Quite recently, our new approach for robust optimisation in combination with K-best ranking problems has been published.
In robust optimisation, we’d like to find solutions which perform well over a range of possible scenario outcomes. For K-best problems, we are interested in finding not only a best possible solution for a (deterministic) problem, but also the second best, the third best, and so on.
So what do these two problems have to do with each other? One could certainly look at K-best problems under uncertainty, that is, finding second best solutions for robust problems, third best, and so on. I don’t think anyone has ever tried that!
Our idea was instead to use such ranking algorithms to determine what a “good solution” means under uncertainty. The classic approach to determine the quality of a solution would be to calculate the worst objective value over all scenarios. In our approach, we calculate the worst ranking over all scenarios instead.
This idea was inspired by many real-world problems, where the specific objective value of a solution is only one of many indicators what a “good” solution constitutes. Under many circumstances, a more natural approach for a decision maker is to give a rough quality estimate, say in terms of “good”, “ok”, “bad”, or “very bad”, for example. We try to find a solution for which the worst such ranking over all scenarios is as high as possible.

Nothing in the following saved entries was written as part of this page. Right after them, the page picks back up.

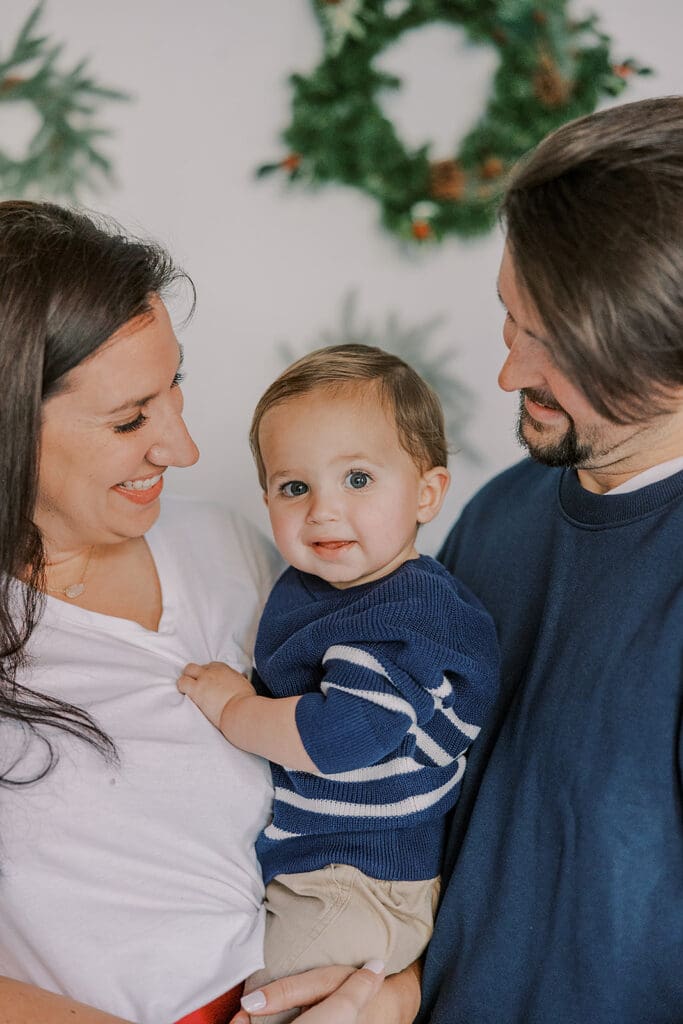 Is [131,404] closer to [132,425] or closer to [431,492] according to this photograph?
[132,425]

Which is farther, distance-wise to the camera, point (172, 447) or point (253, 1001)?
point (172, 447)

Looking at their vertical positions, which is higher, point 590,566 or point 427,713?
point 590,566

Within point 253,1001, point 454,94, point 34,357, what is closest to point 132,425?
point 34,357

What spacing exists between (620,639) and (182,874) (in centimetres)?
75

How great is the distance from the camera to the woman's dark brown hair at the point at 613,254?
1385 mm

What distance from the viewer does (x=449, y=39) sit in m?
2.63

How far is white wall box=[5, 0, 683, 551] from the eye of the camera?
261 cm

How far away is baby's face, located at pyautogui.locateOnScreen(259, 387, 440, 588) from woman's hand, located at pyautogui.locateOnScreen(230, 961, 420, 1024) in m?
0.62

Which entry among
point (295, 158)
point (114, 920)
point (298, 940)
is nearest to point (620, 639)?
point (298, 940)

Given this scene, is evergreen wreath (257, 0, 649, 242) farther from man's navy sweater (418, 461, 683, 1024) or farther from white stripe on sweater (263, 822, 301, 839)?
white stripe on sweater (263, 822, 301, 839)

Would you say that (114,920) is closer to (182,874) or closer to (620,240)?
(182,874)

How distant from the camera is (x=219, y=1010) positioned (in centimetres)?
162

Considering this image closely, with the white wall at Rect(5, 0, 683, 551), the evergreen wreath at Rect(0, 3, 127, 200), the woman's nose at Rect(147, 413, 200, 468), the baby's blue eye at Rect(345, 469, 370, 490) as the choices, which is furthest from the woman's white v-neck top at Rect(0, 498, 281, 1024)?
the evergreen wreath at Rect(0, 3, 127, 200)

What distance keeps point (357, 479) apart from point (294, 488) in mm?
119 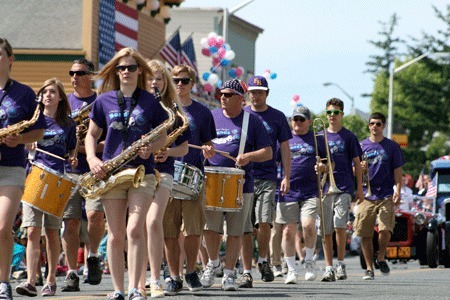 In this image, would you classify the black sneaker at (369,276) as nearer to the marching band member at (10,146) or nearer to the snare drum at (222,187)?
the snare drum at (222,187)

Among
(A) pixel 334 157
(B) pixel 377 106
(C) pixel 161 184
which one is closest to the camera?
(C) pixel 161 184

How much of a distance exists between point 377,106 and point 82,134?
231 ft

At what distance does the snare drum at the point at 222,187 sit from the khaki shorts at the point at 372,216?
5.40 meters

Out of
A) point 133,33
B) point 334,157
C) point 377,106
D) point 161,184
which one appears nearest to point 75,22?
point 133,33

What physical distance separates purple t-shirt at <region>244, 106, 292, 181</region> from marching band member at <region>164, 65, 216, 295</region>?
223 centimetres

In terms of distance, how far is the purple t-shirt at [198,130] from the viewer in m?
13.9

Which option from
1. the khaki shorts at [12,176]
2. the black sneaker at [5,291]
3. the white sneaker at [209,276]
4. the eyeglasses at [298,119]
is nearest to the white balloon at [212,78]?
the eyeglasses at [298,119]

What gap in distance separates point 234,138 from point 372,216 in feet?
17.1

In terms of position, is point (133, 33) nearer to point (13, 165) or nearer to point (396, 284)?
point (396, 284)

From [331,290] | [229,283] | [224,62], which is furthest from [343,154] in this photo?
[224,62]

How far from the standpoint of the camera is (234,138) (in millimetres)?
15047

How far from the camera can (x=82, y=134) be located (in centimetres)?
1443

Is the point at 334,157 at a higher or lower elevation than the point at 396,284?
higher

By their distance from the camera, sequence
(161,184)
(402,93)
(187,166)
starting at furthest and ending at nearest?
(402,93)
(187,166)
(161,184) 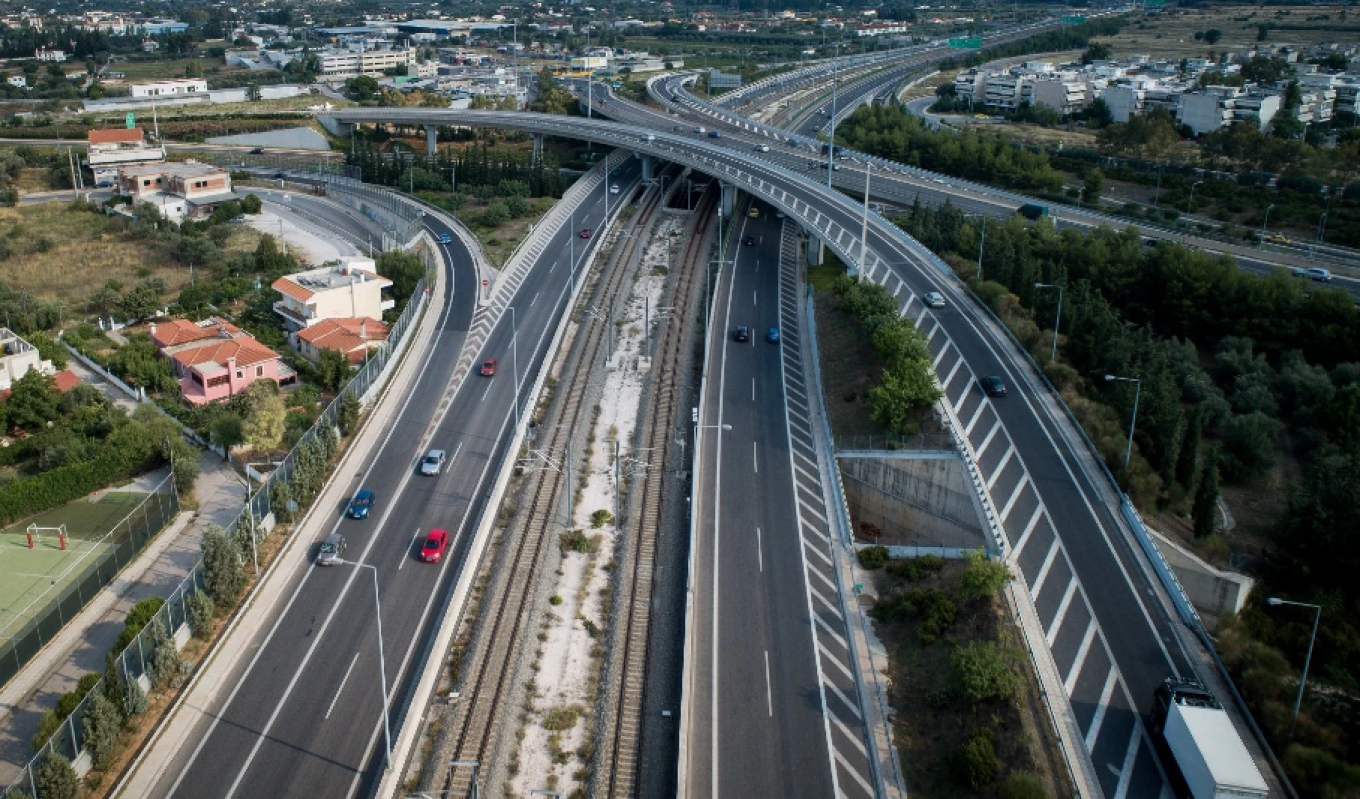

K-best problems are tough to solve on their own, and it doesn’t get easier if you include that as a subproblem for robust optimisation. Accordingly, a big future challenge for us will be to produce high-quality ranking robust solutions in shorter computation time.
This is the abstract:
We present a new approach to handle uncertain combinatorial optimization problems that uses solution ranking procedures to determine the degree of robustness of a solution. Unlike classic concepts for robust optimization, our approach is not purely based on absolute quantitative performance, but also includes qualitative aspects that are of major importance for the decision maker.
We discuss the two variants, solution ranking and objective ranking robustness, in more detail, presenting problem complexities and solution approaches. Using an uncertain shortest path problem as a computational example, the potential of our approach is demonstrated in the context of evacuation planning due to river flooding.